A prominent and vacant office building downtown is going up for sale this summer.
Nearly six months after the building’s owner, Gateway Eight LP, filed for Chapter 11 bankruptcy protection in U.S. Bankruptcy Court in Boston, Gateway and the Rhode Island pension fund yesterday agreed on a plan to sell the structure – which is also known as the American Express building.
The pension fund holds the mortgage on the office building and is Gateway’s largest creditor. Gateway owes the Rhode Island retirement system about $21 million. Instead of foreclosing, the pension fund will market the building for sale and expects to start considering offers this summer, according to an agreement filed in bankruptcy court yesterday. A sale would close no earlier than Nov. 1, according to the bankruptcy court agreement.

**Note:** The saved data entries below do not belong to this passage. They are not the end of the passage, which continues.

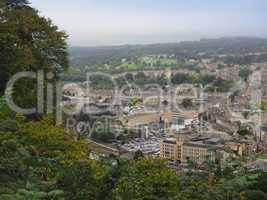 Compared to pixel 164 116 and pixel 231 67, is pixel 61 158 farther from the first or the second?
pixel 231 67

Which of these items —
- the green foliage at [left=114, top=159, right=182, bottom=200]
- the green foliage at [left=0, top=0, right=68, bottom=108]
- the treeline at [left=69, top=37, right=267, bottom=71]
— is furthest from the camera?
the treeline at [left=69, top=37, right=267, bottom=71]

“There will be a public bidding process and a public sale in July or August,” said Meghan Walt, an attorney with Brown Rudnick Berlack Israels, representing the Rhode Island pension system. “When Gateway was trying to dispose of the property they were looking only at lease options, not sale options. Marketing for the property will begin today.”
The pension fund, which was given management control of the building earlier this month, will enter a minimum bid of its own of $17.9 million. Interested buyers will have to offer $18 million or more to buy the building, according to the court filing.

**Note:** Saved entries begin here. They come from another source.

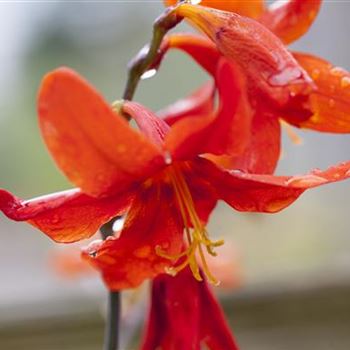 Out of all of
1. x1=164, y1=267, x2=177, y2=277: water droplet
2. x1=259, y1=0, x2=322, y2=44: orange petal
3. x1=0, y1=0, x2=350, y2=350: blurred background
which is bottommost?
x1=0, y1=0, x2=350, y2=350: blurred background

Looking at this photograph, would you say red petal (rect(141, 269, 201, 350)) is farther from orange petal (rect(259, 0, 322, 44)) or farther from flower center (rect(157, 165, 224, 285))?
orange petal (rect(259, 0, 322, 44))

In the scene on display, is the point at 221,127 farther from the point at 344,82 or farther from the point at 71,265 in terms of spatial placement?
the point at 71,265

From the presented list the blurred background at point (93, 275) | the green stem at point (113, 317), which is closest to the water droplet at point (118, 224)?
the green stem at point (113, 317)

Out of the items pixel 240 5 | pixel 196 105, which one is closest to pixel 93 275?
pixel 196 105

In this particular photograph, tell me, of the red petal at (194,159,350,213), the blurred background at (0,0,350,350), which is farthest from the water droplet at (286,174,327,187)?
the blurred background at (0,0,350,350)

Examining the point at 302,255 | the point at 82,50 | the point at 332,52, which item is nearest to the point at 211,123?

At the beginning of this month, Gateway and the pension fund agreed that the building was worth $18.6 million. Previously, Gateway had valued the building at $25 million and the pension fund had valued it at $14.5 million. If the sale price doesn’t exceed the $21 million the fund is still owed, the pension fund will lose money. If the pension fund ends up as the only bidder, it will take official ownership of the four-story structure.

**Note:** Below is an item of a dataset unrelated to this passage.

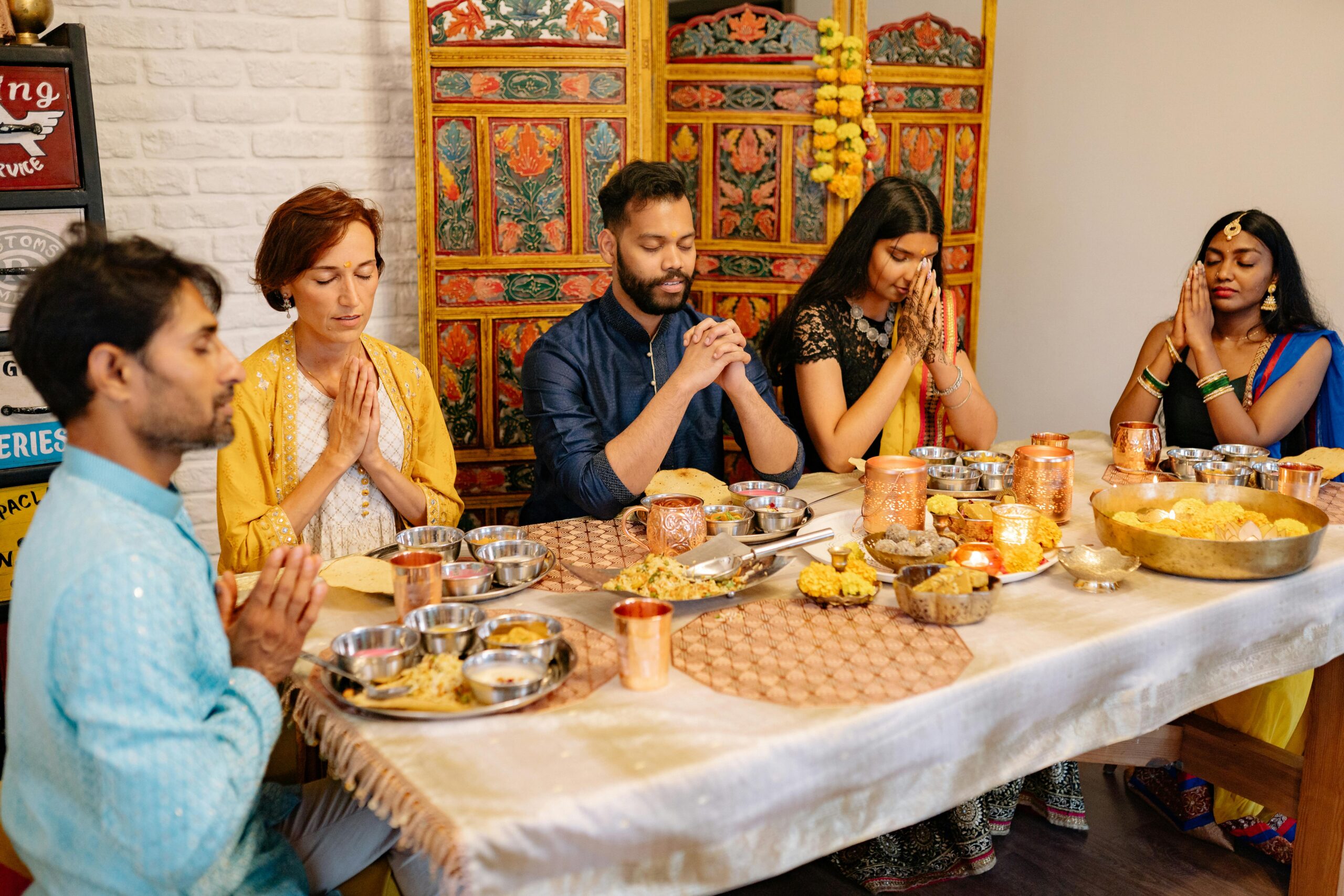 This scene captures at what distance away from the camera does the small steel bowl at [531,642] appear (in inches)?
61.1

“That risk would be prevalent regardless of what [avenue] we took,” said Rhode Island General Treasurer Paul Tavares. “Our goal has been, and will continue to be, to make the system whole – to get the retirement system its money back.”
Earlier this year, Gateway Eight was trying to find a tenant to occupy the vacant building so that the Boston-based developer could hold onto the property, according to Daniel Glosband, a lawyer with Goodwin Procter, which is representing Gateway. But when a prospective tenant failed to sign an agreement, the developer began considering other options.
“Sometime between May 2 and now, we agreed to this. We actually completed negotiating it around 9 p.m. last Friday night,” said Glosband.
The agreement, though, wasn’t presented in bankruptcy court until yesterday. The deal has not yet been approved by other creditors and the bankruptcy court, but it should be accepted in the next few months, said Walt.
Also, as part of the pact, the pension fund has agreed to pay up to $90,000 in administrative costs to complete the sale, Walt added.
Last month, Gateway started paying off its debt, and gave the pension fund about $1.1 million, under a bankruptcy court agreement that also gave the pension fund management control of the building. The money came from the building’s last tenant, Boston Financial Data Services. When that company moved out of the building, it paid Gateway $800,000 for breaking the lease and about $500,000 in rent for December and January.
Gateway, whose general partner is Boston-based developer Dean F. Stratouly, is the original developer of the Capital Center office building, which is close to the Providence Place mall and Waterplace Park. In 1989, the Rhode Island Industrial Facilities Corporation issued $23 million in bonds and gave the money to Gateway to construct the American Express building (American Express was once a major tenant). The state pension fund bought the bonds.
Gateway was required to pay back the money to the pension fund by 2000. In 1999, Gateway restructured the mortgage with the pension fund and set up a new due date of Dec. 1, 2004.
At the end of last year, Gateway presented an arrangement to the State Investment Commission, which oversees the pension fund’s investments, that included using a loan from Bank of America to pay off some of the outstanding mortgage and nailing down a tenant for the building, according to minutes from the commission’s December meeting. The Boston developer, however, couldn’t guarantee that the lease would be signed. Consequently, it would have been about to pay off only $15 million of the $22 million immediately.
The pension fund rejected the deal and Gateway filed for Chapter 11 protection. Now, after months in bankruptcy court, the pension fund is still just looking to get its money back, said Tavares.
“If we do, in fact, come out whole, we'll be extremely happy,” said Tavares.
“And we walk away with a valuable lesson that pension funds should be very, very cautious about investing in these types of things in the future.”
Peter Gallant Nov 24 2010 Somebody told me that the American Express building downtown was finally sold this week. Is that true? If so, any info? Thanks.
Doug May 21 2008 I worked here in 1993 and 1994 when it was The Shareholder Services Group. It’s a nice, modern office building, and having worked in a number of places in Providence, I appreciated that it was nice and modern. I have no idea why this building would sit vacant.
M.W. Beaudoin FYI, this bldg. is in the midst of renovations as temporary space for Fidelity pending their new expasion in Smithfield (as of 8/06). I worked on it some years ago as it was being constructed (1988?)